Actaeon is the mythic story of hunter turned hunted, of poacher turned gamekeeper, of your metamorphosis into something you once sought to control and even destroy. In schools these days, it is the story of dread of every inspector – turning into an inspectee, or even worse, a teacher.

The school inspector will be pleased that they are unlikely to find themselves in similar circumstances. In just doing their job, and by just dropping into a schools for a friendly bit of school improvement, they will be relieved that one day they will not find themselves at the end of a vicious cursing onslaught from a head teacher, not turned into a teacher and not  then face the demanding ears eyes and mouths of the children who will torment them to an early ignominious messy ending.

The school inspector will be relieved that in the absence of any Greek mythic influences in schools – or Ted Hughes at the very least – they are unlikely to be turned from inspector to inspectee next to the school’s water cooler.
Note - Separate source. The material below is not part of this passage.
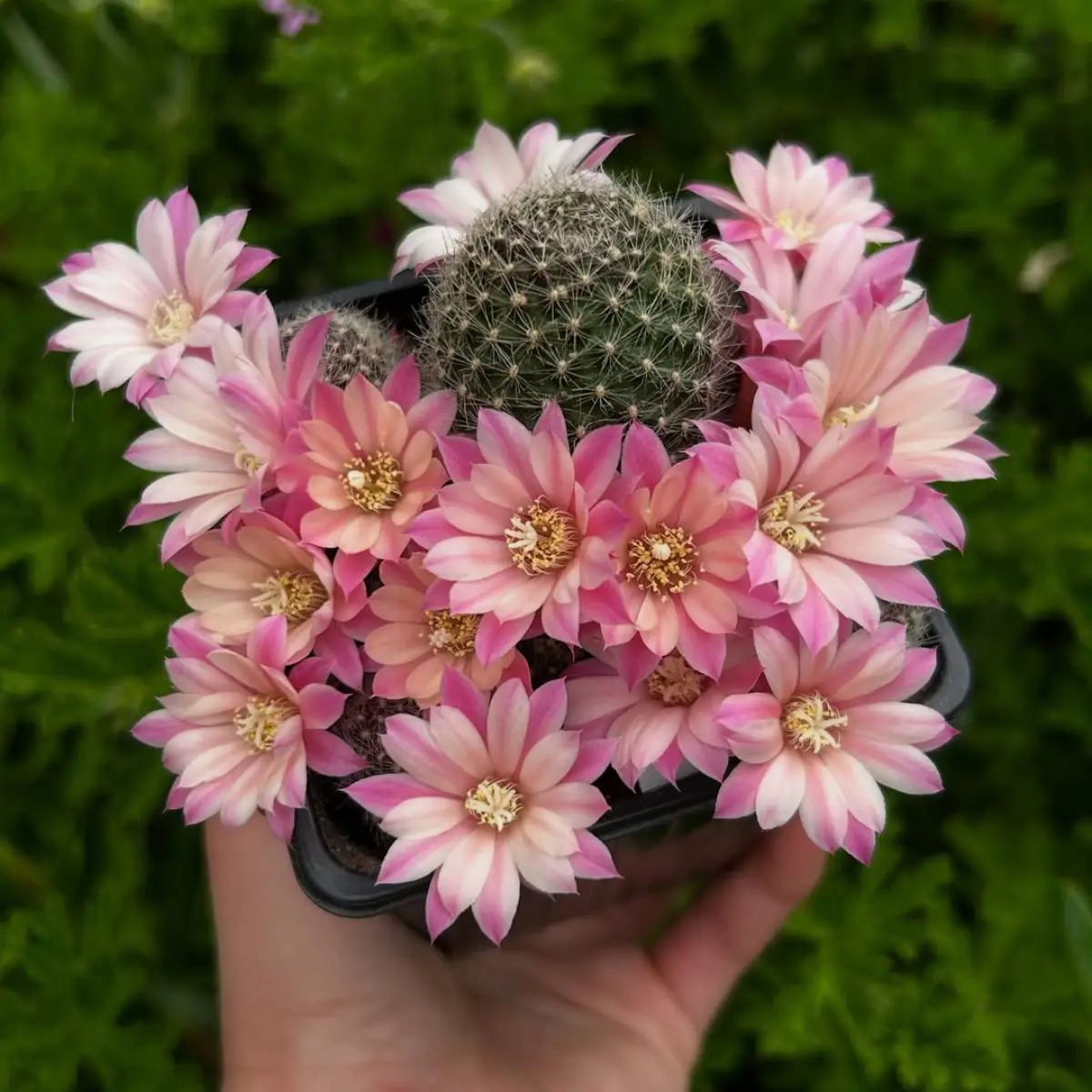 Kaktus rebutia muscula dengan bunga merah muda.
That will be good news for school inspectors, but perhaps disappointing news for those schools who will be facing their next inspection in the coming weeks. They would do well to swot up on their Ted Hughes as well as their School Improvement Plan.

Failing that, they could always take a leaf out of the Jim Carrey film, The Truman Show, which would help them immensely to make the inspector feel at home:

The OfSTED inspection: how to be in your very own Truman Show

The Truman Show is a film is set in a hypothetical town called Seahaven built in an enormous dome, and is dedicated to a continually running television show, The Truman Show. Only the central character, Truman Burbank, is unaware that he lives in an almost solipsistic constructed reality for the entertainment of those outside. The film follows his discovery of his situation and his attempts to escape. Central characters fake friendship to Truman, and in the case of his “wife”, bury their real feelings of disgust.

The OfSTED inspection is an example of a solipsistic epistemological position in that one’s own perceptions are the only things that can be known with certainty. The nature of the external world – schools — , the source of one’s perceptions — can not be conclusively known; they may not even exist at all. Truman himself can be viewed as an equivalent fictional school ofsted inspector who when visiting schools, tends to witness flowers decorating school corridors and toilet paper in the school toilets.

Inspection day can be presented as a lovely sunny day with bright blue skies; there’s not a care in the world, the children are well behaved and courteous, teachers well dressed and courteous, and its like this every day with pupils dutifully drinking water to enhance their learning and no-one objects to the Jamie Oliver inspired New School Dinner which has caused much wringing of hands and emptying of budgets.

But as in the Truman Show, the inspector is surrounded by central characters in the school who have to fake friendship and find methods to bury their real feelings of disgust in order to maintain the solipsistic constructed reality of the Government Inspector.